▶ **EXERCISE REQUIREMENTS**:
Write out each record below exactly, but not the pictures.

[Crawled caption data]
════════════════════

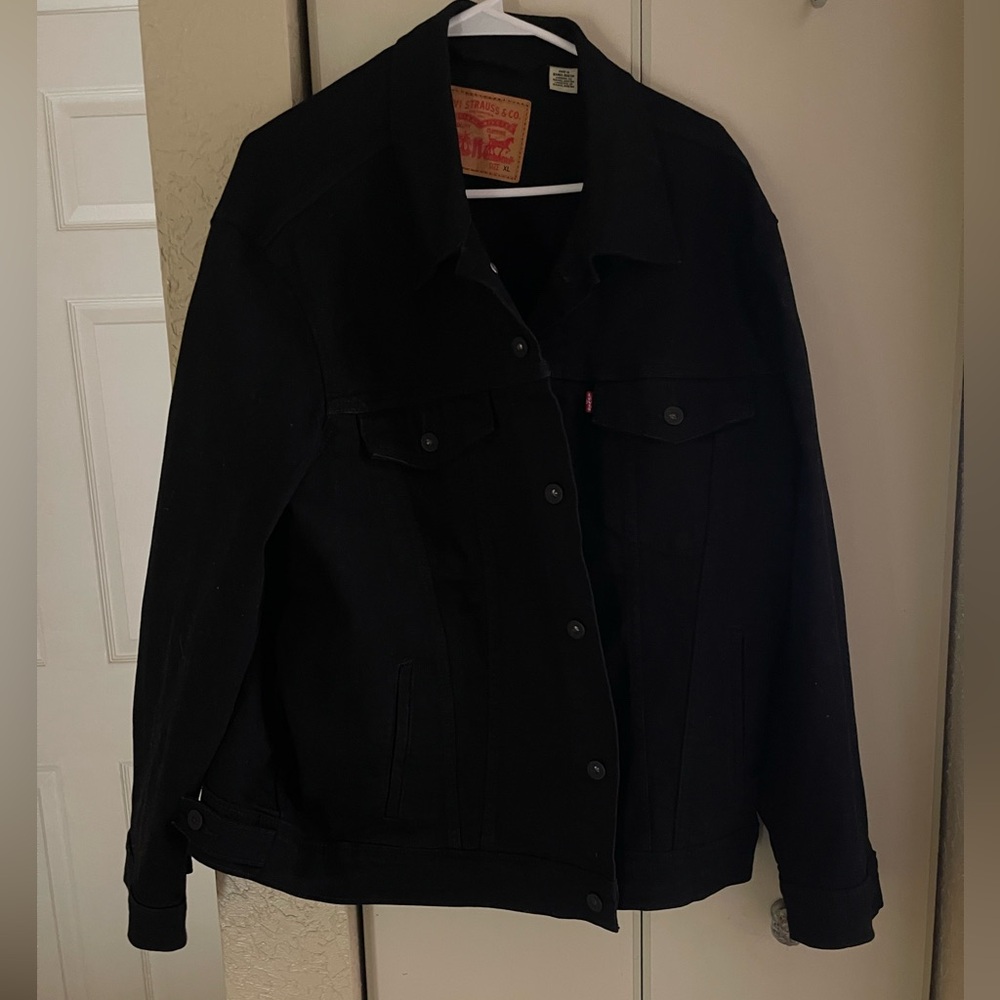 Levi's Women's Dark Denim Jacket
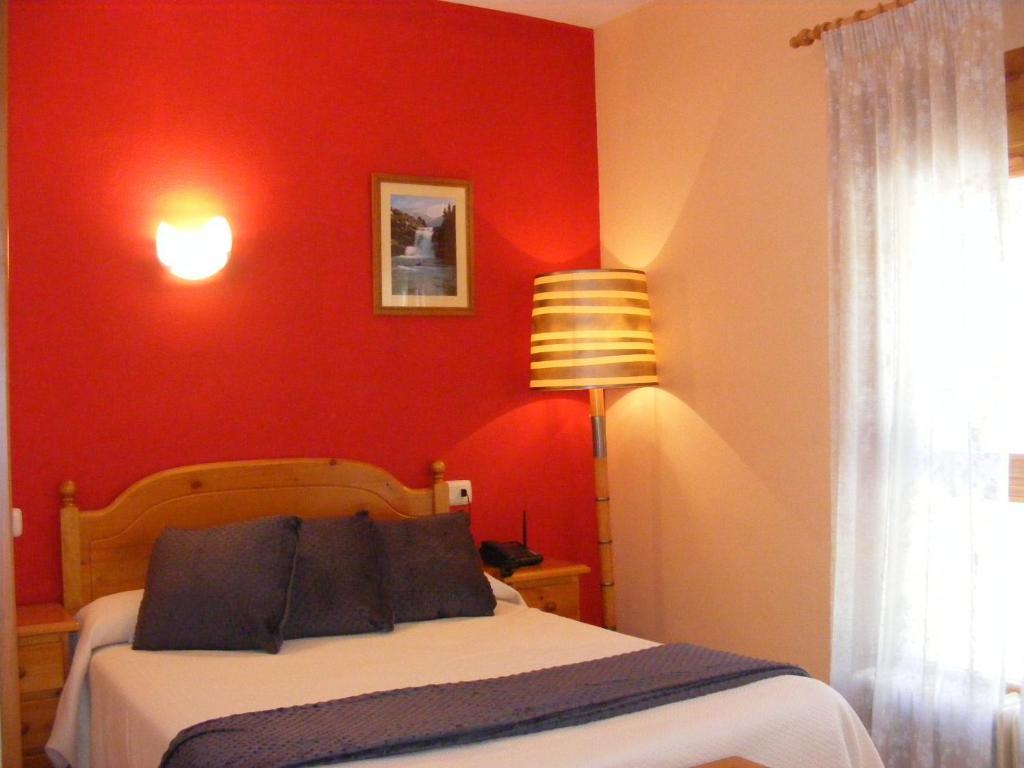 Hotel Meson De Salinas Salinas de Bielsa Pokoj fotografie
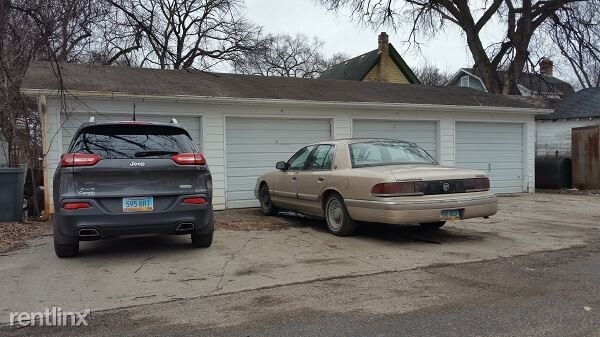 915 9th St S in Fargo, ND - Foto de edificio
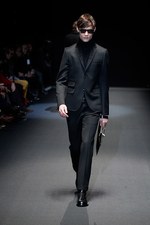 グッチ 2013-14年秋冬メンズコレクション - フォーマルとインフォーマルを自由にミックス｜写真19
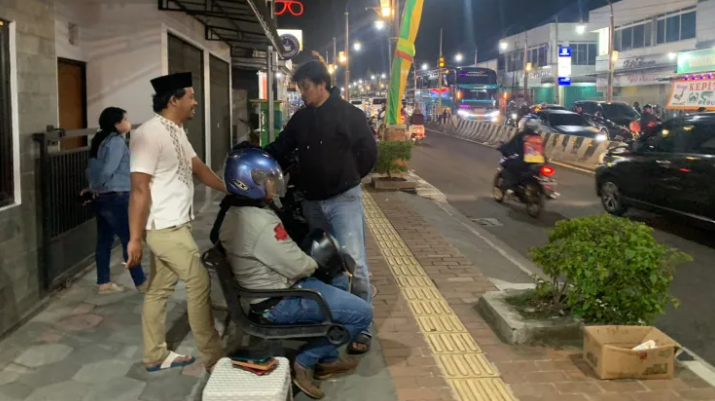 Gasak HP Saat Ditinggal Salat di Masjid UIN, Warga Temanggung Dicokok Polisi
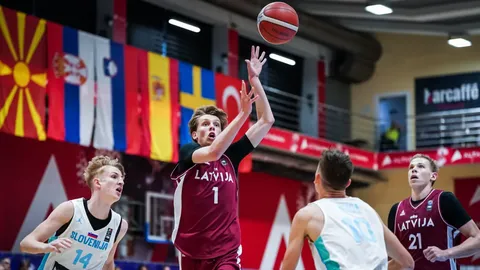 Latvijas basketbolisti Eiropas U-18 čempionāta mačā piekāpjas Slovēnijas vienaudžiem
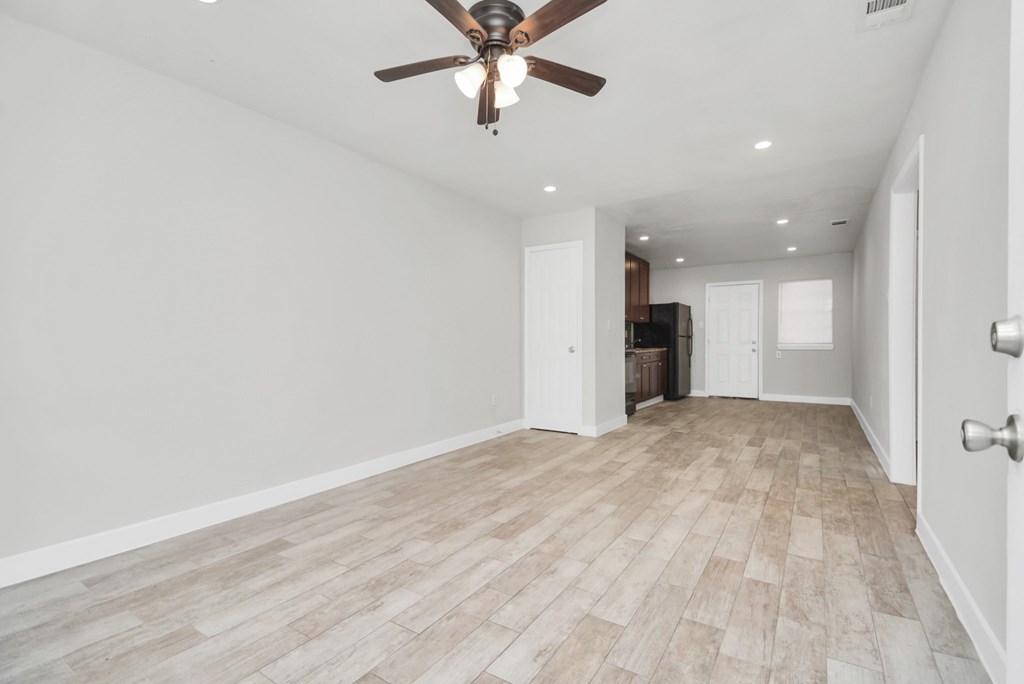 A room with a ceiling fan and lighting fixtures.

════════════════════

▶ **TASK RESULT**:
 Levi's Women's Dark Denim Jacket
 Hotel Meson De Salinas Salinas de Bielsa Pokoj fotografie
 915 9th St S in Fargo, ND - Foto de edificio
 グッチ 2013-14年秋冬メンズコレクション - フォーマルとインフォーマルを自由にミックス｜写真19
 Gasak HP Saat Ditinggal Salat di Masjid UIN, Warga Temanggung Dicokok Polisi
 Latvijas basketbolisti Eiropas U-18 čempionāta mačā piekāpjas Slovēnijas vienaudžiem
 A room with a ceiling fan and lighting fixtures.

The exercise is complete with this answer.